Experts of the POP CoE contributed to the tutorial program of the SC 2021 conference, which was held as an hybrid (in-person and virtual) event.
The topic “Hands-on Practical Hybrid Parallel Application Performance Engineering” was introduced by Markus Geimer, Marc Schlütter and Brian Wylie (JSC) together with colleagues from TU Dresden and the University of Oregon. They presented state-of-the-art performance tools for leading-edge HPC systems founded on the community-developed Score-P instrumentation and measurement infrastructure, demonstrating how they can be used for performance engineering of effective scientific applications based on standard MPI, OpenMP, hybrid combination of both, and increasingly common usage of accelerators. Parallel performance tools from the Virtual Institute - High Productivity Supercomputing (VI-HPS) were introduced and featured in hands-on exercises with Score-P, Scalasca, Vampir, and TAU. They presented the entire workflow of performance engineering, including instrumentation, measurement (profiling and tracing, timing and PAPI hardware counters), data storage, analysis, tuning, and visualization. Emphasis was placed on how tools are used in combination for identifying performance problems and investigating optimization alternatives. Participants could conduct exercises in an AWS-provided, containerized E4S [https://e4s.io] environment containing all the necessary tools. This helped to prepare participants to locate and diagnose performance bottlenecks in their own parallel programs.
Christian Terboven (RWTH Aachen) with colleagues from AMD and Oracle presented the tutorial "Advanced OpenMP: Host Performance and 5.1 Features". OpenMP is a popular, portable, widely supported, and easy-to-use shared-memory model. Developers usually find OpenMP easy to learn. However, they are often disappointed with the performance and scalability of the resulting code. This may stem from the lack of depth with which OpenMP is employed. The “Advanced OpenMP Programming” tutorial addresses this situation by exploring the implications of possible OpenMP parallelization strategies in terms of correctness and performance. The tutorial focused on performance, such as data and thread locality on NUMA architectures, and exploitation of vector units. All topics were accompanied by extensive case studies, and discussed the corresponding language features in-depth. Throughout all topics, recent additions of OpenMP 5.1 and comment son developments targeting OpenMP 6.0 were also presented.

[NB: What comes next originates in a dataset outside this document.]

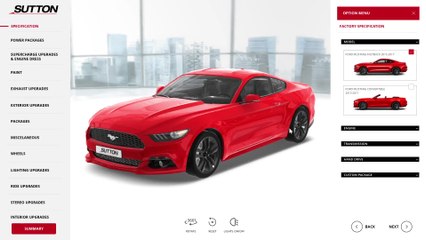 Sutton Bespoke launches 3D Ford Mustang configurator app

Finally, Xavier Teruel (BSC) and Christian Terboven (RWTH Aachen) together with colleagues from LLNL and AMD explained “Mastering Tasking with OpenMP”. Since version 3.0 released in 2008, OpenMP offers tasking to support the creation of composable parallel software blocks and the parallelization of irregular algorithms. Developers usually find OpenMP easy to learn. However, mastering the tasking concept of OpenMP requires a change in the way developers reason about the structure of their code and how to expose the parallelism of it. This tutorial addressed this critical aspect by examining the tasking concept in detail and presenting patterns as solutions to many common problems. It presented the OpenMP tasking language features in detail and focused on performance aspects, such as introducing cut-off mechanisms, exploiting task dependencies and preserving locality. All aspects were accompanied by extensive case studies.